Warren and Seifert (2011) describe a process for selecting features to keep/include in the model (linear, quadratic, polynomial, hinge, threshold, categorical). It uses the AIC to identify the optimal combination. Easy and quick to do with the ENMEval package (note that many references cite ENMTools for these tests, but they’ve been moved to ENMEval nowadays).

NB applying different spatial filtering/thinning to your data can produce different ‘optimal’ models (i.e., different retained features and regularization value), as determined by the AIC criterion.

NB The enmeval function only evaluates AIC for models with an appropriate number of parameters. If you have a low number of observations, a low regularization (i.e., permissive approach to including parameters), and complex/high-parameter models (especially hinge features), the AIC values will be reported as NA. These models are overfit, and as such you shouldn’t use them with your data. Explanation on Maxent discussion list.

Regularization

Regularization is used to penalize complexity. Low values will produce models with many predictors and features, with 0 leading to all features and variables being included. This can lead to problems with over-fitting and interpretation. Higher regularization values will lead to ‘smoother’, and hopefully more general and transferable models. There will be a trade-off between over- and under-fitting.

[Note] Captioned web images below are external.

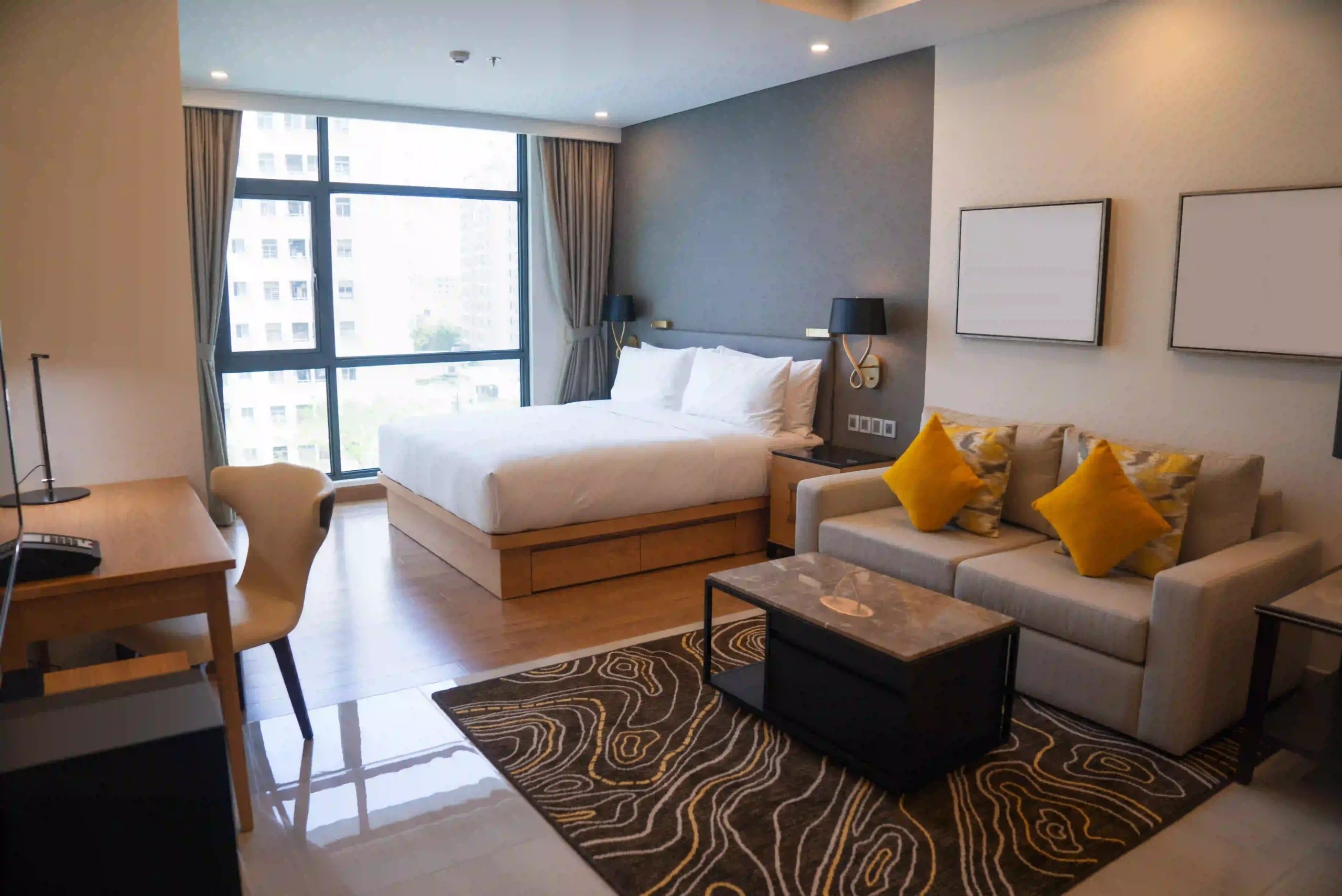 Rooms in Vellore featuring a king bed and city view seating area at JK Inn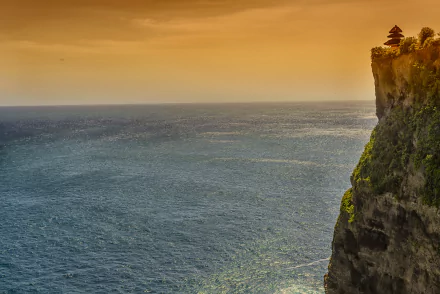 HD desktop wallpaper featuring a stunning ocean view at sunset from a high cliff in Ungasan, Bali, Indonesia. The seascape captures the vast, serene sea under a vibrant sky, epitomizing nature's beauty.
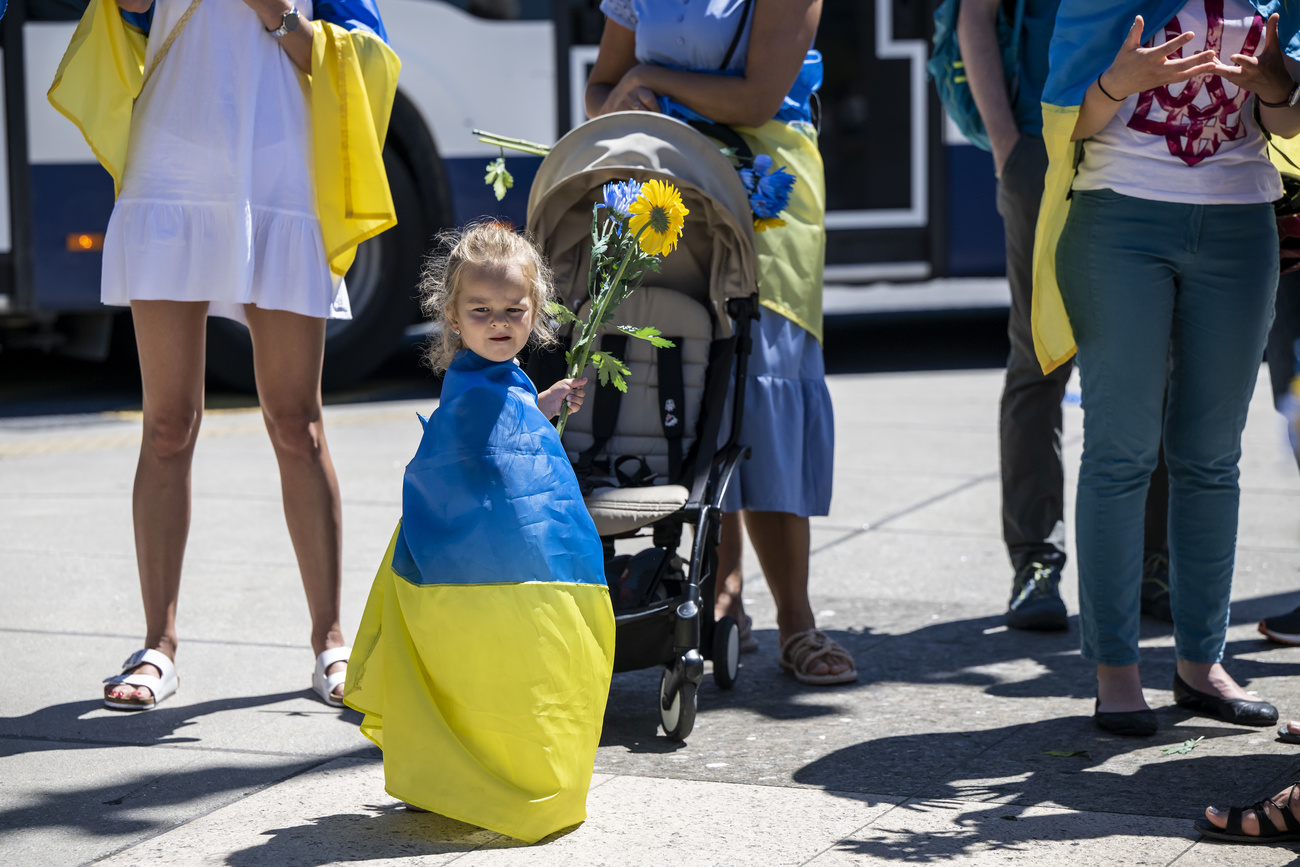 Photo of a young girl wearing a Ukrainian flag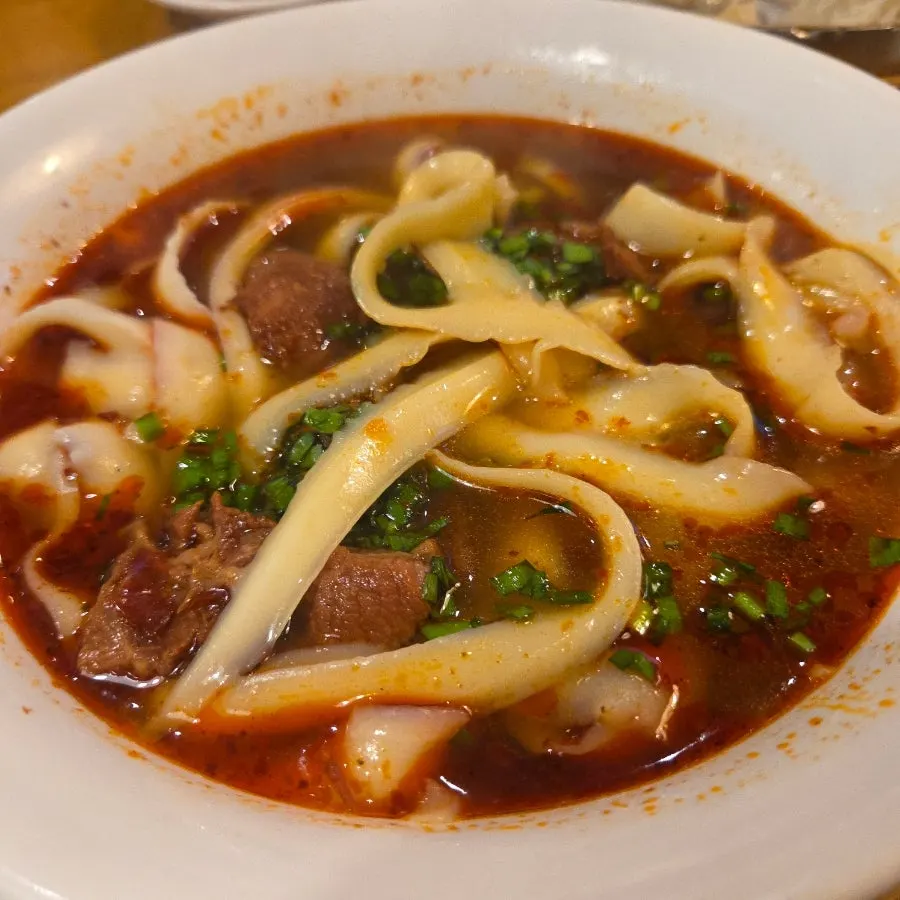 Dosakmyeon noodles and beef coated in broth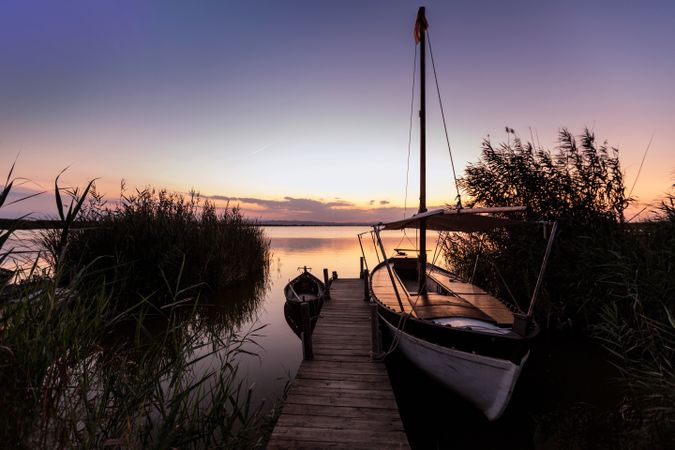 Moored boat by wooden pier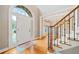 Welcoming foyer with hardwood floors, staircase with rod iron balusters, and views into the formal dining room at 940 Magnolia Blossom Ct, Alpharetta, GA 30005
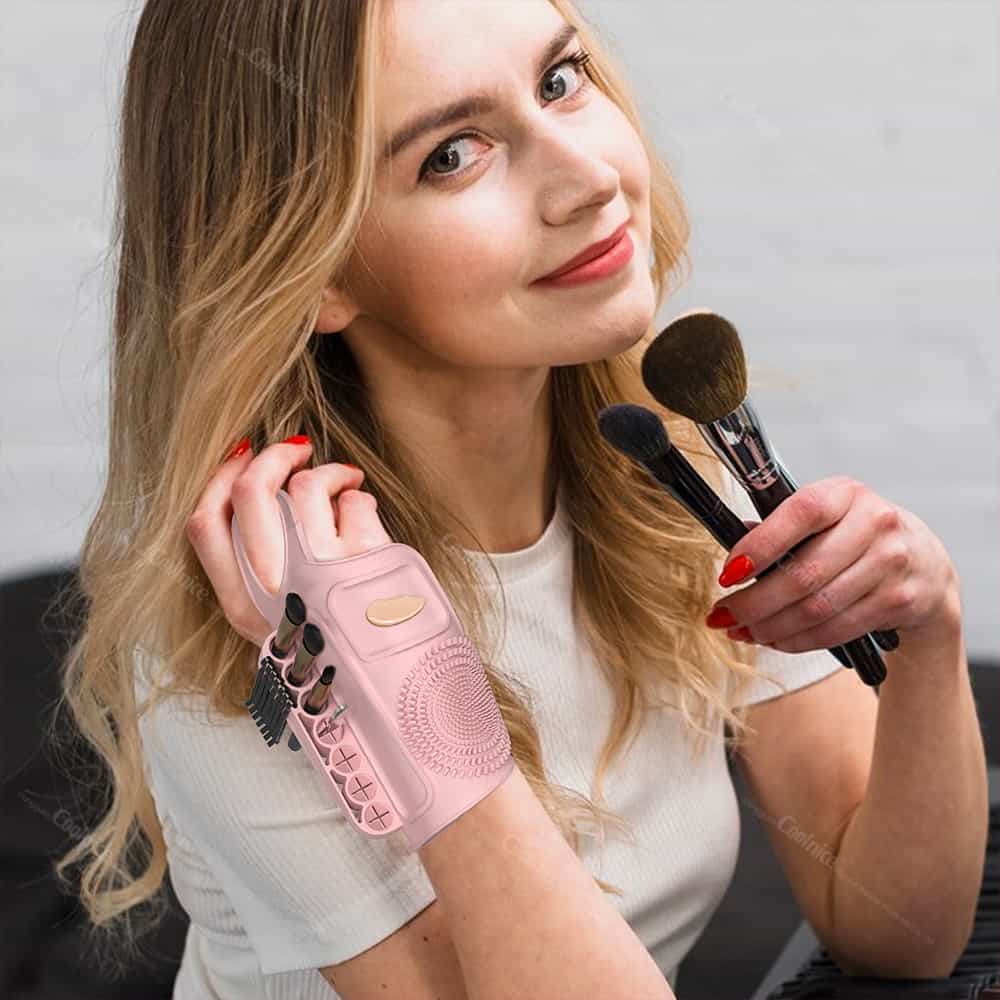 Pink silicone wrist brush cleaner pad in close-up use.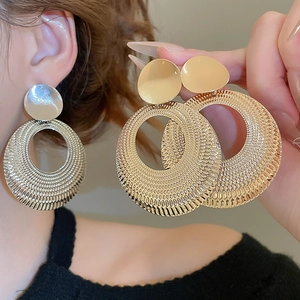 Gros plan des boucles d'oreilles rondes tressées dorées montrant la texture sur le modèle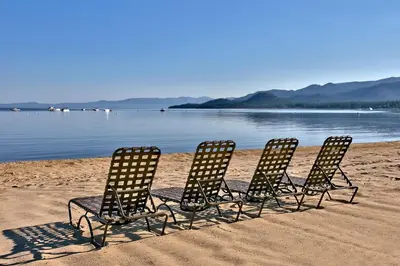 three chairs sitting in the sand on the beach at The Tahoe Beach & Ski Club Owners Association in South Lake Tahoe
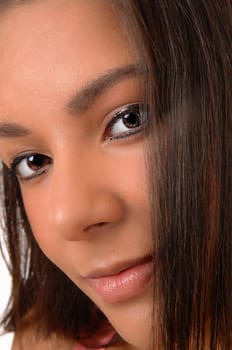 A very closeup of the face on a lovely young woman with her nice.eyes..
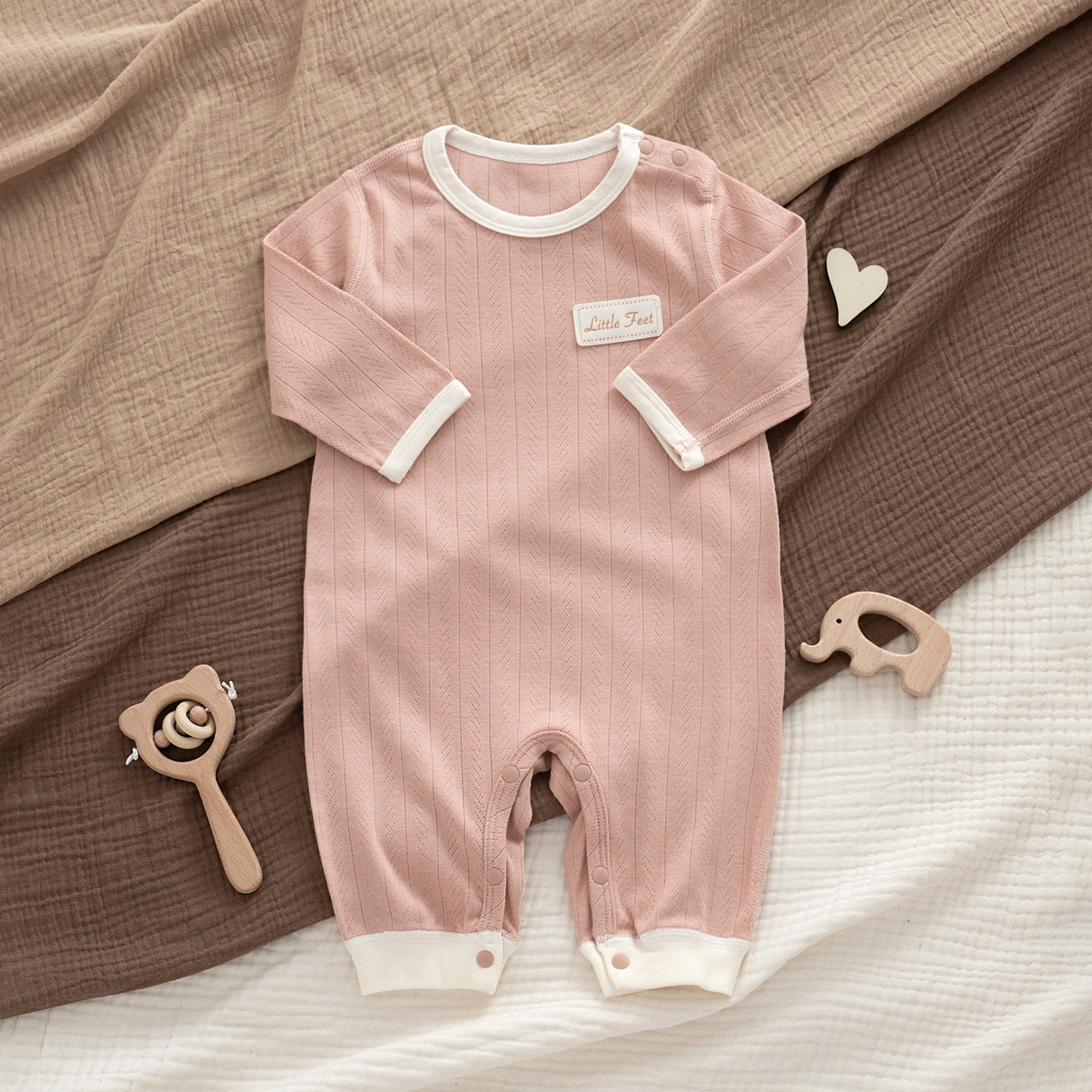 One pink cotton-padded bodysuit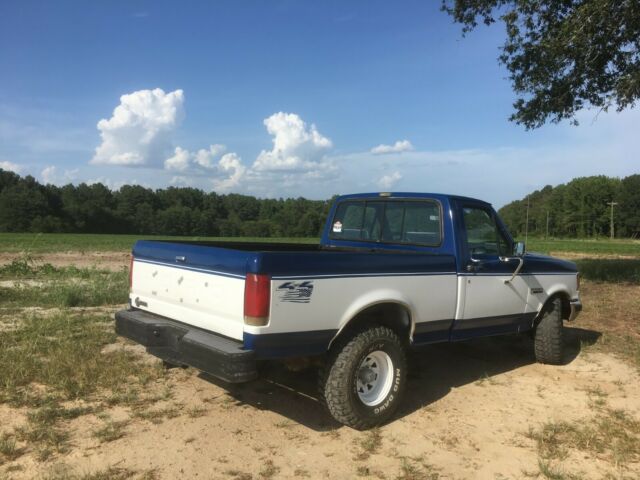 1988 Blue Ford F-150 Extended Cab Pickup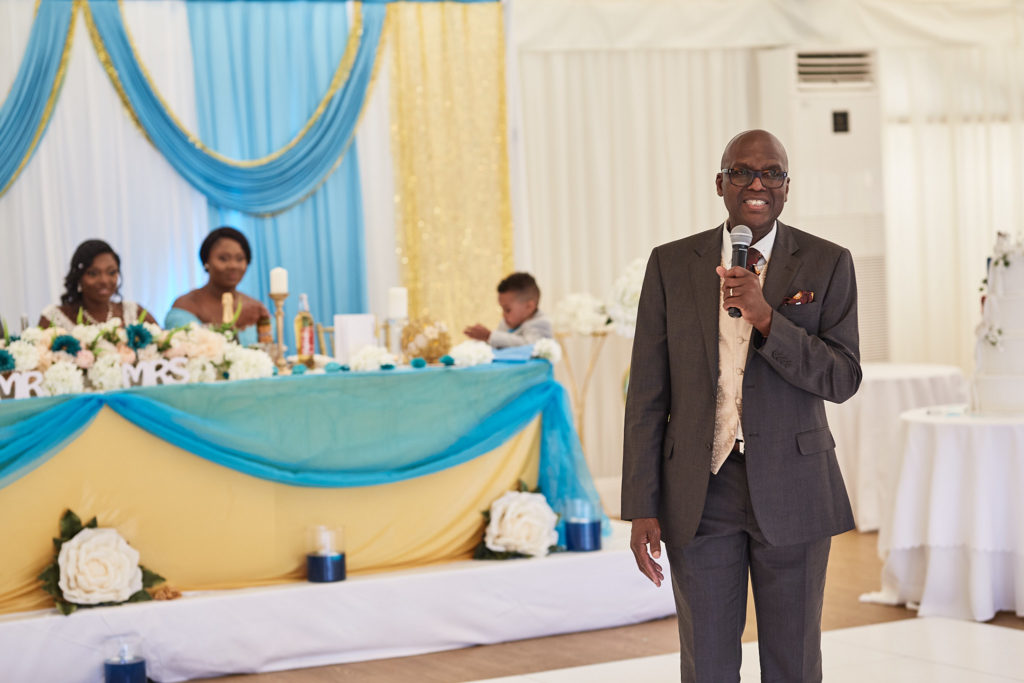 Man in a suit giving a speech with a microphone in front of the top table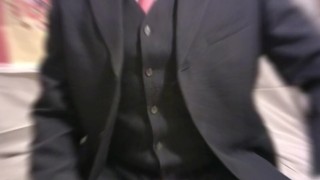 corbata roja, traje azul marino con chaleco mostrando miembro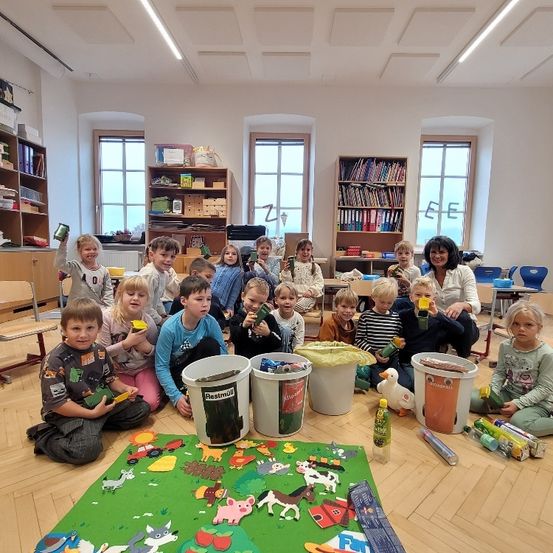 Kinder versammeln sich in einem Klassenzimmer mit einem Bauernhoftier-Teppich, halten grüne Behälter und verschiedene Gegenstände. Zwei Frauen und eine Ente sind anwesend, mit Regalen voller Bücher und Gegenständen im Hintergrund.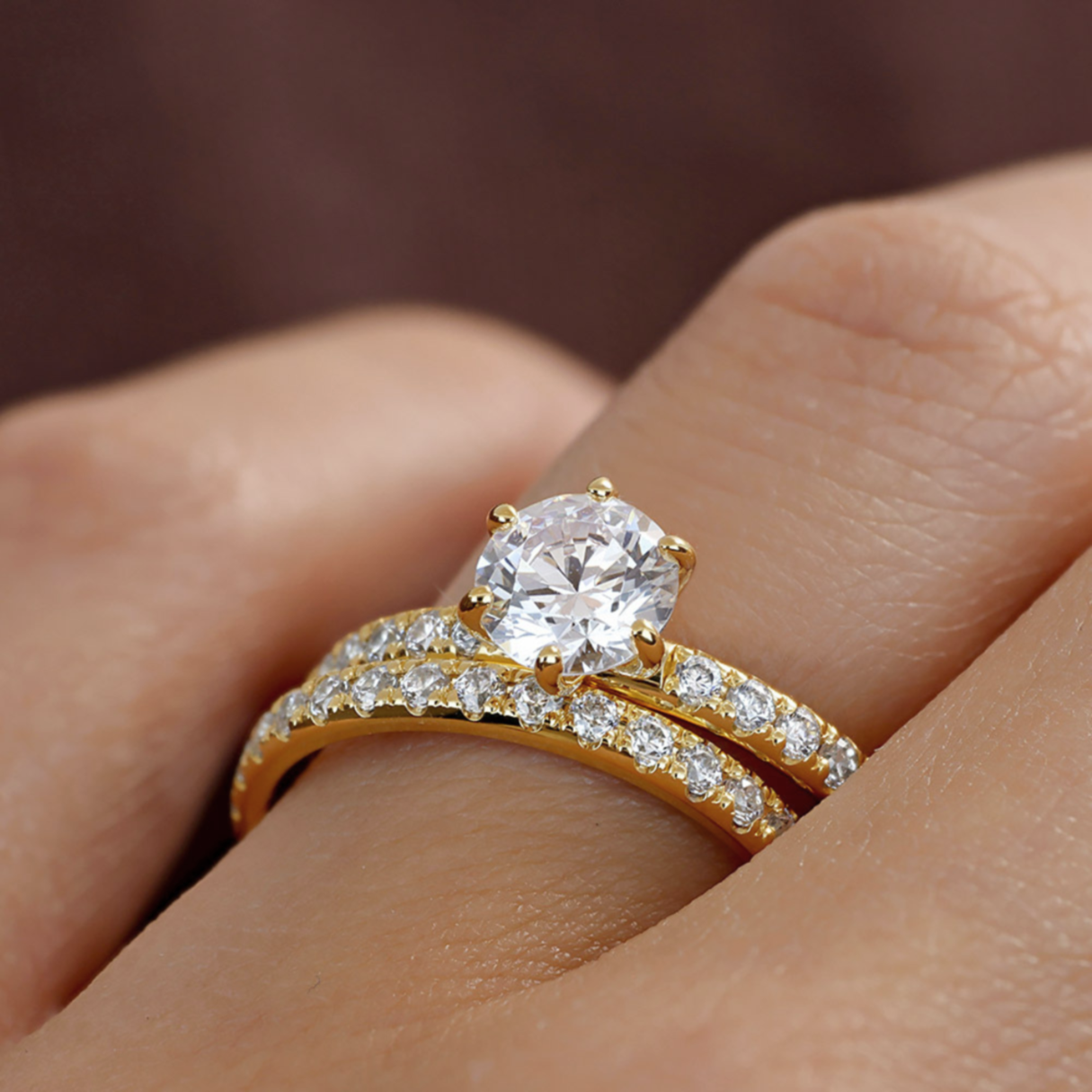 Enstensring med diamant tillsammans med alliansring i gult guld på hand.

The default values in Maxent are based on empirical tests on a large number of species. These are probably not unreasonable, but it’s pretty standard to mention that they’re a compromise, and we improved them for our the needs of our particular species and context by doing X (for various values of X).

The approach of Warren and Seifert (2011) (see previous) can be used here as well, testing a range of regularization (aka beta) values, and selecting the one that generates the lowest AIC. It may also be worth selecting the simplest model that is within a certain similarity of the ‘best’ model? That’s more to explain to reviewers though.

Warren and Seifert’s simulations demonstrate that models with a similar number of parameters to the true model produce more accurate models, in terms of suitability, variable assessment, and ranking of habitat suitability, both for the training extent and for models projected in space/time. Furthermore, AIC and BIC are the most effective approaches to model tuning to achieve the correct number of parameters.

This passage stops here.